License: CC-BY-SA-NC.

<div style="font-size:22pt; line-height:25pt; font-weight:bold; text-align:center;">Gaussian Process Regression (practice session)</div>

# Introduction

A surrogate model is an engineering method used when an outcome of interest cannot be easily directly measured, so a model of the outcome is used instead. Most engineering design problems require experiments and/or simulations to evaluate design objective and constraint functions as function of the design variables. For example, in order to find the optimal airfoil shape for an aircraft wing, an engineer simulates the air flow around the wing for different shape variables (length, curvature, material, ...). For many real world problems, however, a single simulation can take many minutes, hours, or even days to complete. As a result, routine tasks such as design optimization, design space exploration, sensitivity analysis become near impossible since they require a great number of function evaluations.

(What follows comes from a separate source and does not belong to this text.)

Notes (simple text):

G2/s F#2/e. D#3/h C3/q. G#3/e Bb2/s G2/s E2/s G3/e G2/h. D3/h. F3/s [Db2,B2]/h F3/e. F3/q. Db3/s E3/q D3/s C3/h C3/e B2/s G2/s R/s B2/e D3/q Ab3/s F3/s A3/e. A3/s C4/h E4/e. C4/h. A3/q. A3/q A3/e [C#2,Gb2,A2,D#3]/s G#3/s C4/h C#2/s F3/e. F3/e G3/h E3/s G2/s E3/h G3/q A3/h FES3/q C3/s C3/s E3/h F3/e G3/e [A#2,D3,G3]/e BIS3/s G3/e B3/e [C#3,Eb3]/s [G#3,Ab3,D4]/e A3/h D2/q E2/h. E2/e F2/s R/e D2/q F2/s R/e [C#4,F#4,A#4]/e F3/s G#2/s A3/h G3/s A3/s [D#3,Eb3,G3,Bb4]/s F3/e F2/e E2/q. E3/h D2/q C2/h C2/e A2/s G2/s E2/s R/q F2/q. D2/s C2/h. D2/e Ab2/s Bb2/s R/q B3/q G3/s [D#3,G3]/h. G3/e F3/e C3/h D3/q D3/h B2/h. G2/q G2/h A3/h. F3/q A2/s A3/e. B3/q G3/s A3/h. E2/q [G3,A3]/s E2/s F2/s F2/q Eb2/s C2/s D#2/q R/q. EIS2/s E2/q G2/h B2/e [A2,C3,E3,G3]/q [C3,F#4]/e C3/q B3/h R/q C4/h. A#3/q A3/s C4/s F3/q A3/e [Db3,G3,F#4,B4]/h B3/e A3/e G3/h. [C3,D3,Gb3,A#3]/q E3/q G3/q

One way of alleviating this burden is by constructing approximation models, known as surrogate models, response surface models, *metamodels* or emulators, that mimic the behavior of the simulation model as closely as possible while being computationally cheaper to evaluate. Surrogate models are constructed using a data-driven approach. The exact, inner working of the simulation code is not assumed to be known (or even understood), solely the input-output behavior is important.

There exist multiple ways to build an approximation of a function: Artificial Neural Networks, Radial Basis Functions, Support Vector Regressions... 
In all these metamodels (or surrogate models), a fundamental assumption is that the quantity of interest $y(x)$ can be written $(y(x) = \hat{y}(x) + \epsilon)$, where the residuals $\epsilon$ are independently and identically distributed normal random variables, so that fitting the model $\hat{y}(x)$ is performed by minimizing a measure over $\epsilon$.

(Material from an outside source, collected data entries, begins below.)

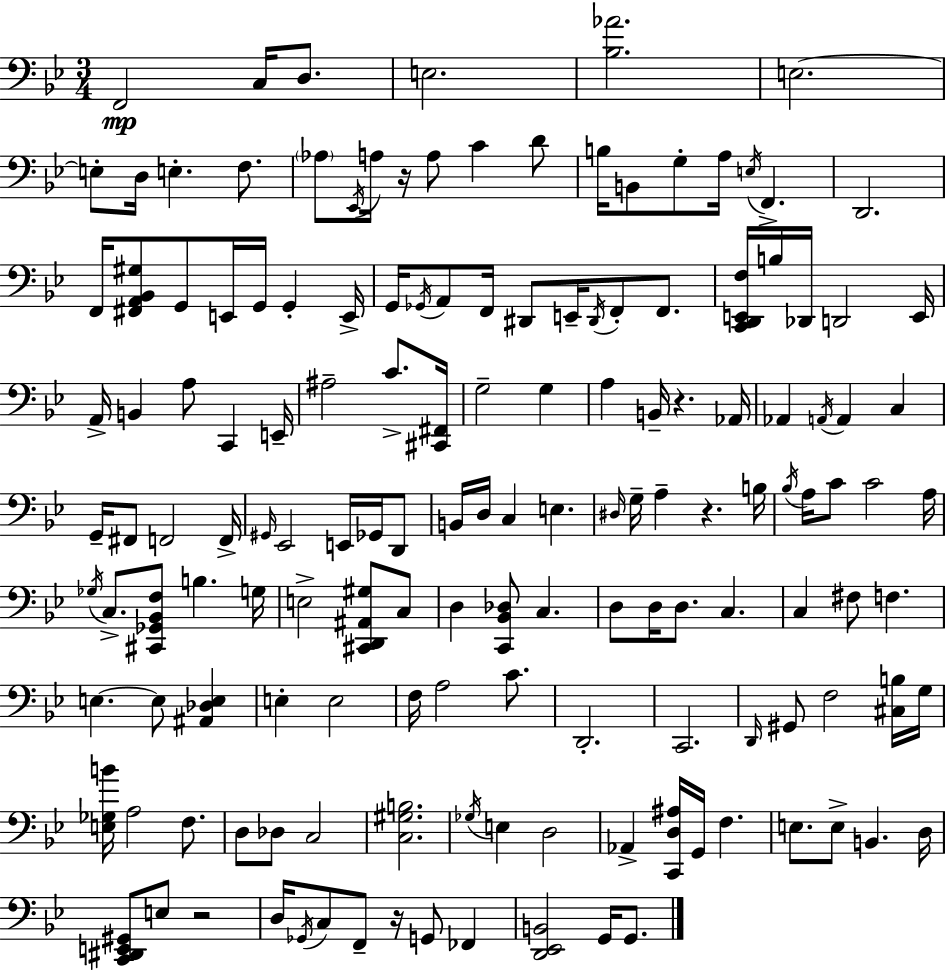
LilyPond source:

{
  \clef bass
  \numericTimeSignature
  \time 3/4
  \key g \minor
  f,2\mp c16 d8. | e2. | <bes aes'>2. | e2.~~ | \break e8-. d16 e4.-. f8. | \parenthesize aes8 \acciaccatura { ees,16 } a16 r16 a8 c'4 d'8 | b16 b,8 g8-. a16 \acciaccatura { e16 } f,4.-> | d,2. | \break f,16 <fis, a, bes, gis>8 g,8 e,16 g,16 g,4-. | e,16-> g,16 \acciaccatura { ges,16 } a,8 f,16 dis,8 e,16-- \acciaccatura { dis,16 } f,8-. | f,8. <c, d, e, f>16 b16 des,16 d,2 | e,16 a,16-> b,4 a8 c,4 | \break e,16-- ais2-- | c'8.-> <cis, fis,>16 g2-- | g4 a4 b,16-- r4. | aes,16 aes,4 \acciaccatura { a,16 } a,4 | \break c4 g,16-- fis,8 f,2 | f,16-> \grace { gis,16 } ees,2 | e,16 ges,16 d,8 b,16 d16 c4 | e4. \grace { dis16 } g16-- a4-- | \break r4. b16 \acciaccatura { bes16 } a16 c'8 c'2 | a16 \acciaccatura { ges16 } c8.-> | <cis, ges, bes, f>8 b4. g16 e2-> | <cis, d, ais, gis>8 c8 d4 | \break <c, bes, des>8 c4. d8 d16 | d8. c4. c4 | fis8 f4. e4.~~ | e8 <ais, des e>4 e4-. | \break e2 f16 a2 | c'8. d,2.-. | c,2. | \grace { d,16 } gis,8 | \break f2 <cis b>16 g16 <e ges b'>16 a2 | f8. d8 | des8 c2 <c gis b>2. | \acciaccatura { ges16 } e4 | \break d2 aes,4-> | <c, d ais>16 g,16 f4. e8. | e8-> b,4. d16 <c, dis, e, gis,>8 | e8 r2 d16 | \break \acciaccatura { ges,16 } c8 f,8-- r16 g,8 fes,4 | <d, ees, b,>2 g,16 g,8. | \bar "|."
}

For a practical example, take a look to this airfoil optimization tool: [http://mdolab.engin.umich.edu/webfoil](http://mdolab.engin.umich.edu/webfoil)

It has been constructed by lot of offline computations and an excellent tool developed jointly by University of Michigan, Nasa, Onera and ISAE-SUPAERO called SMT: [https://github.com/SMTorg/SMT](https://github.com/SMTorg/SMT)

The authors strongly encourage students to have a look to classical textbooks such as [1] (for the Machine learning community) or [2] (for the Aerospace engineering community).

[1]  Carl Edward Rasmussen. Gaussian Processes in Machine Learning. In Advanced lectures on machine learning, pages 63–71. Springer, 2004. Available for download at [http://www.gaussianprocess.org/gpml](http://www.gaussianprocess.org/gpml).<br>
[2]  Alexander Forrester, Andy Keane et al. Engineering design via surrogate modelling: a practical guide. John Wiley & Sons, 2008.

In [None]:
# Run this cell only to install smt in colab. If you run this notebook locally, just install smt from the terminal.
!pip install smt

# I. Gaussian Process Regression

The main idea behind Kriging is that the 'errors' -or more accurately, the deviations from the base model- in the predicted values $\hat{y}$, are not independent. Rather, we take the view that the errors are a systematic function of the locations of the samples.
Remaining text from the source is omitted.